She knows what is happening, and she dreads it. To her, it is as close to a death sentence that she can bestow upon herself. To her, it tells her that her late Master wasted his time training her. To her, it symbolizes the ultimate failure a Jedi can suffer.

Elanor is breaking. Slowly but surely, she is breaking.

* * *

**B is for Beating**

Obi-Wan Kenobi's mind is taking a beating.

The beating is – in his opinion – even worse than any physical torture or any emotional turmoil that he has ever suffered. It haunts him at night and mocks him during the day. It takes all of his training and willpower to keep going.

Elanor has been given some kind of Force-suppressant, and she is suffering.

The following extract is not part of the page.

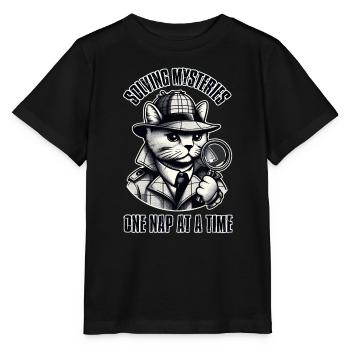 Résoudre des mystères, une sieste à la fois ! - T-shirt bio MINI CREATOR Stanley/Stella Enfant - noir - Devant - Mikhail (115cm)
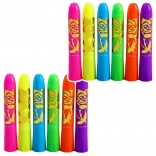 Neon-Gesichts-Malset - 12 Stk.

Thus her shields have slipped. Many nights now, her pain will seep into his dreams and he will often awake wincing from a wound he doesn't have or groaning from a headache that only exists in his mind. He does not know what her captors are doing to Elanor, but he knows that she is gravely wounded.

Because the very small portion of clear sensations he is sensing from Elanor seem to mainly focus around pain.

That is why nowadays, when he isn't watching over Luke Skywalker and the Lars farm, he is out scouting, using the Force and anything else to try and track her down.

The phantom pains that he receives from Elanor drive him to this. He doesn't know what is going on, but her pain wounds him greater than anything else.

She is just an apprentice – just a girl, really. But the torturous pains that are creeping into him are a thousand times beyond what even he thinks he would be able to take. He doesn't know why or how she is able to hold on.

He needs to find her, and soon.

He knows that her control is slipping. He knows that her agony is sometimes beyond her. He knows that sometimes she feels like she is dying. He knows that if, one day, things go too far, Elanor will will herself to die.

He doesn't think that Elanor knows she is projecting.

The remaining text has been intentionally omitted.